When the kidney function fails, or falls below tolerable limits, metabolic wastes accumulate in the blood, which normally are excreted with the urine. Diagnostically, this state is indicated by a marked increase of the urea concentration in the blood. Urea is a characteristic component of urine and therefore the condition is known as uraemia. The urea by itself is not regarded as toxic; however, it is produced in such high amounts that it may accumulate in quantities which the body cannot handle (as the legendary medieval European physician Paracelsus said: 'Everything is either wholesome or poisonous - it is merely a matter of quantity.')
The only effective treatment known for the state of uraemia in western medicine is the artificial kidney. The common procedure is 'dialysis' in which blood is passed from an artery to a vein over a semi permeable membrane, separated from another flow of a degassed and isotonic solution at body temperature.
Substances which have a higher concentration in the blood diffuse through the membrane according to Fick's law, driven by the concentration gradient. Water balance is restored by means of a mild, controlled suction through the membrane. Certain substances which should not be eliminated, are contained in the solution in appropriate amounts, so as to counterbalance the blood concentration.
The patient who has no residual kidney function has to undergo this treatment twice or, more commonly, three times a week. Without such treatments, he would live for a very short time, two weeks or up to a month.
His mean life expectancy since the start of the treatment, based on European statistics, seems at present to fall somewhere between 12 and 15 years, subject to further increase as development proceeds. Today, there are patients who have been kept alive this way for more than 20 years.
Another version of the artificial kidney, used in the treatment known as hemofiltration, is the ultrafiltration device which is similar to a dialyzer, but has a membrane more permeable to fluid flow. Instead of passing a solution over the 'outer' side (in relation to the blood), a high degree of suction is used and the filtrate, passing through the membrane, is collected and drained off. It carries with it waste substances as well as necessary solutes. In order to replace both the latter and the water lost, an isotonic replacement liquid, containing certain electrolytes and other substances, is constantly being infused throughout the treatment in a controlled way- less the desired water loss which balances the intake between the treatments. The advantage of the method is that the permeation of blood solutes is fairly constant, but a disadvantage of hemofiltration is higher cost and higher potential risks. Typically, 18-20 litres of filtrate are drained in the course of a treatment, and almost the same volume replaced. Typical treatment durations are about 5 hours for hemofiltration and 6-8 hours for hemodialysis.

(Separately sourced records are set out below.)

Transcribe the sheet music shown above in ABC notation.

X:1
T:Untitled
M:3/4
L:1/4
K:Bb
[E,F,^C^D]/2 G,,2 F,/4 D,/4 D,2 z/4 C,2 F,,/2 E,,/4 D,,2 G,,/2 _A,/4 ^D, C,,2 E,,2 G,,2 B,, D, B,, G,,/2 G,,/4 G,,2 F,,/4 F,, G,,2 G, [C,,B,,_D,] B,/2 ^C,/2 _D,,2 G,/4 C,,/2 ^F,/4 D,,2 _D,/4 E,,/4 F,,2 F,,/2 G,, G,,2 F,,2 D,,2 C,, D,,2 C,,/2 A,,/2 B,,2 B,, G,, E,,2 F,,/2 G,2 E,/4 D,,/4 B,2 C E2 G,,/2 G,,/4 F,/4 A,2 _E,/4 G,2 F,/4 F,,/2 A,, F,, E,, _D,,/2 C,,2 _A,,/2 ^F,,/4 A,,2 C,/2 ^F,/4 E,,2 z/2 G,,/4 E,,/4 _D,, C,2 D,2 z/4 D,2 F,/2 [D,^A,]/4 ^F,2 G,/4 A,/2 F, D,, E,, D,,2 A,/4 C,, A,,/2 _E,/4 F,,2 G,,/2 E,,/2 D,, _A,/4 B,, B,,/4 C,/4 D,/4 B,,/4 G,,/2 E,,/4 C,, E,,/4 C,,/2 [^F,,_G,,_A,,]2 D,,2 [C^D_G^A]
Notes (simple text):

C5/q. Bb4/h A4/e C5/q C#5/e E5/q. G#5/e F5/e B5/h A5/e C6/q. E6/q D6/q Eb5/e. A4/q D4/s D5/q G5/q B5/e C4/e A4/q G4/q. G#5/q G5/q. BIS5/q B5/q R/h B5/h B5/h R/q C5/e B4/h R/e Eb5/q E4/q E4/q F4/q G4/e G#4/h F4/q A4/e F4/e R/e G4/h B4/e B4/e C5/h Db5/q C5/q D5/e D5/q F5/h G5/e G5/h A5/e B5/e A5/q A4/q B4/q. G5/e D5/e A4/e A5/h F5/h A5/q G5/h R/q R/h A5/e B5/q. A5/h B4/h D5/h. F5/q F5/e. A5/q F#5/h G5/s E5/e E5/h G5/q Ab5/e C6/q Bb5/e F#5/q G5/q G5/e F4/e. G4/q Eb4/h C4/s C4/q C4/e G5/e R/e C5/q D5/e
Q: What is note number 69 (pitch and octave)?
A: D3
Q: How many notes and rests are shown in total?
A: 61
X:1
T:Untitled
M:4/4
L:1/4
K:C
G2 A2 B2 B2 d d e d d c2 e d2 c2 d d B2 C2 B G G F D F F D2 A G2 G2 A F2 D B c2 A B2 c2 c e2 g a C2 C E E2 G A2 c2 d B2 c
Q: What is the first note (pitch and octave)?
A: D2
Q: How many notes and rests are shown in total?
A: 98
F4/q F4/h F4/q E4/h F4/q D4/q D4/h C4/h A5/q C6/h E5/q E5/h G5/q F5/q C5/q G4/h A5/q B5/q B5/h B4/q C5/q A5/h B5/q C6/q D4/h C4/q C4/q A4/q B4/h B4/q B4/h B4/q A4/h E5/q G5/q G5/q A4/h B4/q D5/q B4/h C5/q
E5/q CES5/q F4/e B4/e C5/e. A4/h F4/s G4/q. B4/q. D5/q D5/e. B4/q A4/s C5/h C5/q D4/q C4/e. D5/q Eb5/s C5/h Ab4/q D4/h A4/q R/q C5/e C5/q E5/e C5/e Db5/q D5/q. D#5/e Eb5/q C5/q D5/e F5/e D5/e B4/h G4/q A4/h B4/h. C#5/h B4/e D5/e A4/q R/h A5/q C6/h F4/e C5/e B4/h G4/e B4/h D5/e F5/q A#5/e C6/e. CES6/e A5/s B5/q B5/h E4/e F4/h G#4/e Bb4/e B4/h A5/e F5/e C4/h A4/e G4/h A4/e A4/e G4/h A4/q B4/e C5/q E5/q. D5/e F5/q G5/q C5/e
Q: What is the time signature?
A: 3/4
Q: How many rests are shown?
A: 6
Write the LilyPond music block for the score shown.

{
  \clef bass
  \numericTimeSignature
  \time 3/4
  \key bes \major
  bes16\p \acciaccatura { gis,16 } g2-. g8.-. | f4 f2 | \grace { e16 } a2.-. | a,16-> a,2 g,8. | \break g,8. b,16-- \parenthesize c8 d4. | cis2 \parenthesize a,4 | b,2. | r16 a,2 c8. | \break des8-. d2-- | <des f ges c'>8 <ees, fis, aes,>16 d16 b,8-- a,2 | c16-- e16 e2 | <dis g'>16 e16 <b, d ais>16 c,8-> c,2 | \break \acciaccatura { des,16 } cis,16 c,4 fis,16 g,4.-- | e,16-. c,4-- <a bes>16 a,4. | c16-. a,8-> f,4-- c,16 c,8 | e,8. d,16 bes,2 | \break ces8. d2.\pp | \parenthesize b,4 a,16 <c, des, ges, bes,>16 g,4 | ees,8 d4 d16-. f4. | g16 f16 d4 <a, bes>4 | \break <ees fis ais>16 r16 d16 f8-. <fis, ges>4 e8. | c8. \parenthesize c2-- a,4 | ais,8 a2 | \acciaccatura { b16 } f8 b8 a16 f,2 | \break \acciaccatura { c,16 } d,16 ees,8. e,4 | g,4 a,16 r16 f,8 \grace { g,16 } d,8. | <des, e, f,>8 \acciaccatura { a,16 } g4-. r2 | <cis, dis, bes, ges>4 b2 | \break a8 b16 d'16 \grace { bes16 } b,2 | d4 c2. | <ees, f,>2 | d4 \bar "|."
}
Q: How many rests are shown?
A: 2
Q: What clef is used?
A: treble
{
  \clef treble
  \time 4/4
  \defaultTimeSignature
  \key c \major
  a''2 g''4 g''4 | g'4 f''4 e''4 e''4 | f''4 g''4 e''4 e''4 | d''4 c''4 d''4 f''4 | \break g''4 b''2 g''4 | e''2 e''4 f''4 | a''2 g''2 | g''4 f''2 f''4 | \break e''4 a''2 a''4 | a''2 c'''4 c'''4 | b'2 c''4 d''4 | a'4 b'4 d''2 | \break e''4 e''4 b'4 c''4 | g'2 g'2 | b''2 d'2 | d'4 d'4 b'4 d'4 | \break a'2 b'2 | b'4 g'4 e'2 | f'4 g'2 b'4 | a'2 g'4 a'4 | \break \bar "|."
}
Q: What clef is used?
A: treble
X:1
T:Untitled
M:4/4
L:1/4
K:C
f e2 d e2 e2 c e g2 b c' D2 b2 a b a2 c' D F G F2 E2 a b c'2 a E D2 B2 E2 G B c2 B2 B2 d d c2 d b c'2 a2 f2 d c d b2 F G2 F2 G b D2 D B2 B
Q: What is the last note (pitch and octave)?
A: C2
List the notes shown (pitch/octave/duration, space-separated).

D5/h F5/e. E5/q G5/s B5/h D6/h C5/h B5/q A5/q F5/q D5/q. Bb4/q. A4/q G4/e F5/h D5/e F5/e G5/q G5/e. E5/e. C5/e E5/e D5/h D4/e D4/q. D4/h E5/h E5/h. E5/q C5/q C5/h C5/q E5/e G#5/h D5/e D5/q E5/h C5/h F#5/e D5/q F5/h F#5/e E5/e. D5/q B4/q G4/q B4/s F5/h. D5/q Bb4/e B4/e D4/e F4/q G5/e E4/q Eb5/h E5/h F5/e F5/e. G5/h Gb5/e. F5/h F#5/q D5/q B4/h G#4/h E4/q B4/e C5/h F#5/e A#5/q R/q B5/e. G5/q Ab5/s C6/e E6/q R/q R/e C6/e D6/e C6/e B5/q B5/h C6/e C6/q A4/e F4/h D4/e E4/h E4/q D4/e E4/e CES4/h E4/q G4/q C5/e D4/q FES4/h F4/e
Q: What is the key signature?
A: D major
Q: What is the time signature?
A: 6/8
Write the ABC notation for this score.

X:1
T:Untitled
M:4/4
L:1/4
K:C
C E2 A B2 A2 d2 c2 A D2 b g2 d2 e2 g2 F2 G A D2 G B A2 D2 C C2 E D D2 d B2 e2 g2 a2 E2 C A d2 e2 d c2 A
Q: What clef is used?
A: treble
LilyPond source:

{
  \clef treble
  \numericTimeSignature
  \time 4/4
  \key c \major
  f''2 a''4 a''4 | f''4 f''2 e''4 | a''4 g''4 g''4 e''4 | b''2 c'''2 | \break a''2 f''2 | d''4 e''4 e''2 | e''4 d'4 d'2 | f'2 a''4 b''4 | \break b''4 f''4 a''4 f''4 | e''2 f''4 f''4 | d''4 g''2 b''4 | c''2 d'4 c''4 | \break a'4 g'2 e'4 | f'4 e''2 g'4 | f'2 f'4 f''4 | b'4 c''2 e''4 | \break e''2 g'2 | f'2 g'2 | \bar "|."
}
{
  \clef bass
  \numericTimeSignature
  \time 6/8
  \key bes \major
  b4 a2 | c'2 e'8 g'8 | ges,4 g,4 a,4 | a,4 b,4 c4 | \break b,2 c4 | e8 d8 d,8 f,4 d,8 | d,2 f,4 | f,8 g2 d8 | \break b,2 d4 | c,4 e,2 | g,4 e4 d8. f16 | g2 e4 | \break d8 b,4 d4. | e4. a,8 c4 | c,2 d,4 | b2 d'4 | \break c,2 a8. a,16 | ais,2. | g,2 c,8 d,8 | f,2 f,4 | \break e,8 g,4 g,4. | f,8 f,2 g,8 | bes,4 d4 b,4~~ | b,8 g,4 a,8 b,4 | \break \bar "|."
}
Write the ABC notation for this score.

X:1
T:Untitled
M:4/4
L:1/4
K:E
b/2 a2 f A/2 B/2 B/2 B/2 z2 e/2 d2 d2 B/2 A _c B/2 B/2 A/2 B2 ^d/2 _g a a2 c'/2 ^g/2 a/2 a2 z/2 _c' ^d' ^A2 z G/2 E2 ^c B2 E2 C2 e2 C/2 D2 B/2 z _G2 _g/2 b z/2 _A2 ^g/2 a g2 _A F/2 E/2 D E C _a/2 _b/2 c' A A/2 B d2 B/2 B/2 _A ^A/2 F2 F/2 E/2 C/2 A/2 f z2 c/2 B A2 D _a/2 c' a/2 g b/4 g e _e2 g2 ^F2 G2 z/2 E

In my personal view, the general use of the artificial kidney is actually a sign of failure of official western medicine. Since modern medicine cannot heal typical and common kidney diseases, it has to resort to organ function replacement when uraemia develops and kidney failure is final. In typical cases, the final failure is merely pushed ahead a few years with synthetic drugs, until the inevitable fate of the artificial kidney must be faced.
The treatment by means of the artificial kidney is prohibitively expensive for developing countries. It is the privilege of the relatively wealthy. The cost per clinical patient a year amounts in central Europe to about Rs. 100,000. In India, it may perhaps be half as much, due to less personnel costs, but hardly less. Accordingly, dialysis treatment is widespread only in North America and Europe, and in countries like Japan and Australia. The rest of the world has very few or no such treatments.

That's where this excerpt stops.